The 2026 Atlantic hurricane season is the current Atlantic hurricane season in the Northern Hemisphere. The season officially began on June 1, 2026, and will end on November 30, 2026. These dates, adopted by convention, historically describe the period in each year when most subtropical or tropical cyclogenesis occurs in the Atlantic Ocean (over 97%). The first system, Tropical Storm Arthur, formed on June 17 and impacted much of the northwestern coast of the Gulf of Mexico. A little over a month later, Tropical Storm Bertha formed on the opposite side of the gulf, impacting nearly the entire United States's Gulf Coast along its path. In September, Tropical Storm Edouard made landfall close to the Texas–Louisiana border.

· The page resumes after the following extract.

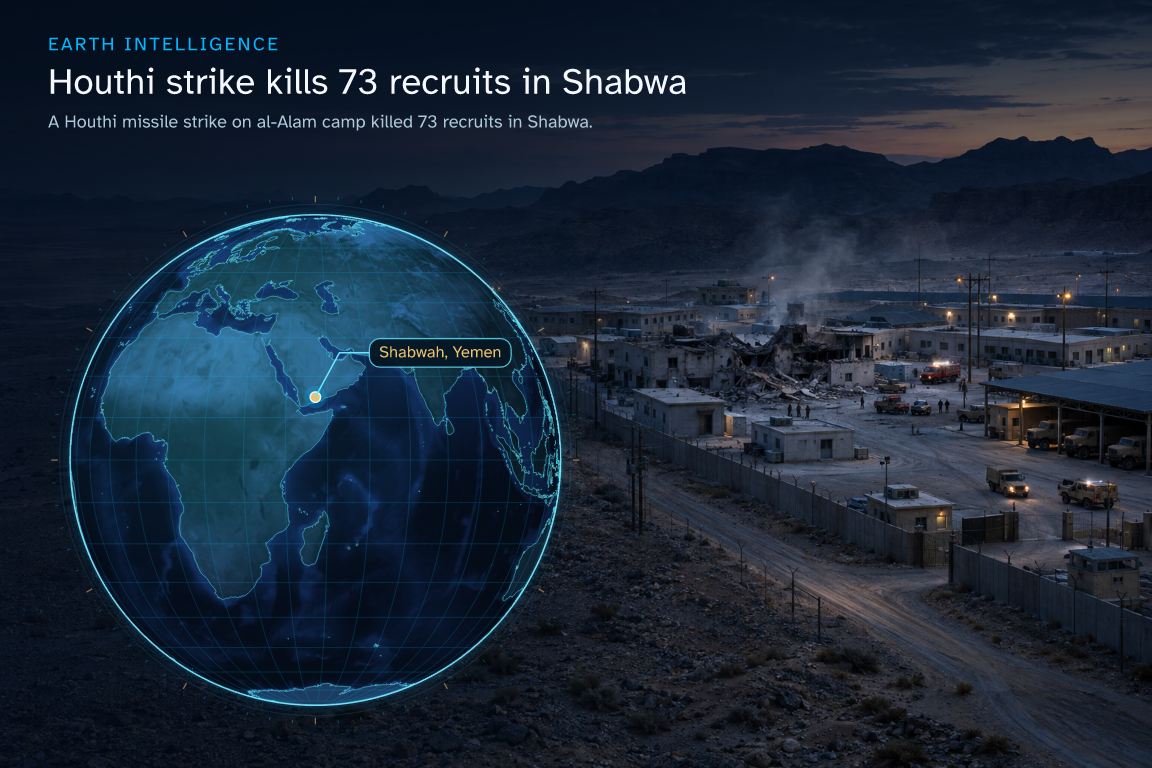 A Houthi missile strike on al-Alam camp killed 73 recruits in Shabwa. · Geographic illustration: Shabwah, Yemen · event location · AI-generated event artwork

On September 11, the 2026 season surpassed the latest date for the first Atlantic hurricane of a season in the satellite era. As of September 2026, the season has been extremely inactive due to a very strong El Niño event in the Pacific.

==Seasonal forecasts==
Predictions of tropical activity in the 2026 season
| Source | Date | Named storms | Hurricanes | Major hurricanes | Ref |
| Average (1991–2020) | 14.4 | 7.2 | 3.2 | | |
| Record high activity | 30 | 15 | 7† | | |
| Record low activity | 1 | 0† | 0† | | |

| TSR | December 11, 2025 | 14 | 7 | 3 | |
| UA | April 7, 2026 | 20 | 9 | 4 | |
| CSU | April 9, 2026 | 13 | 6 | 2 | |
| TSR | April 9, 2026 | 12 | 5 | 1 | |
| TWC | April 16, 2026 | 12 | 6 | 2 | |
| UPenn | April 21, 2026 | 7–13 | N/A | N/A | |
| NCSU | April 22, 2026 | 12–15 | 6–9 | 2–3 | |
| SMN | April 22, 2026 | 11–15 | 4–7 | 1–2 | |
| INSMET | May 5, 2026 | 11 | 5 | 2 | |
| NOAA | May 21, 2026 | 8–14 | 3–6 | 1–3 | |
| UKMO* | May 28, 2026 | 9 | 5 | 2 | |
| CSU | June 10, 2026 | 11 | 5 | 2 | |
| UA | June 14, 2026 | 13 | 5 | 3 | |
| CSU | July 8, 2026 | 9 | 4 | 1 | |
| NOAA | August 6, 2026 | 7–13 | 2–6 | 0–2 | |
| | Actual activity | 7 | 0 | 0 | |
- June–November only † Most recent of several such occurrences. (See all)

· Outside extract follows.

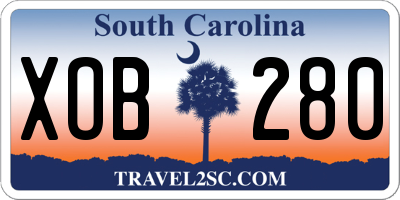 SC license plate XOB280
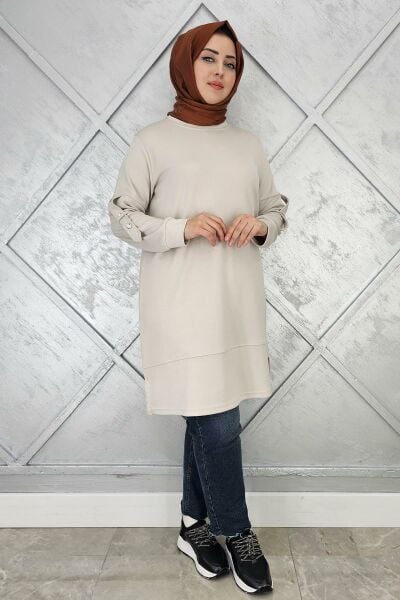 KADIN KOL DÜĞME DETAYLI TESETTÜR TUNİK BEJ - 3 BEDEN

In advance of, and during, each hurricane season, several forecasts of hurricane activity are issued by national meteorological services, scientific agencies, and noted hurricane experts. These include forecasters from the United States National Oceanic and Atmospheric Administration (NOAA)'s Climate Prediction Center, Tropical Storm Risk (TSR), the United Kingdom's Met Office (UKMO), and Colorado State University (CSU). The forecasts include weekly and monthly changes in significant factors that help determine the amount of tropical storms, hurricanes, and major hurricanes within a particular season.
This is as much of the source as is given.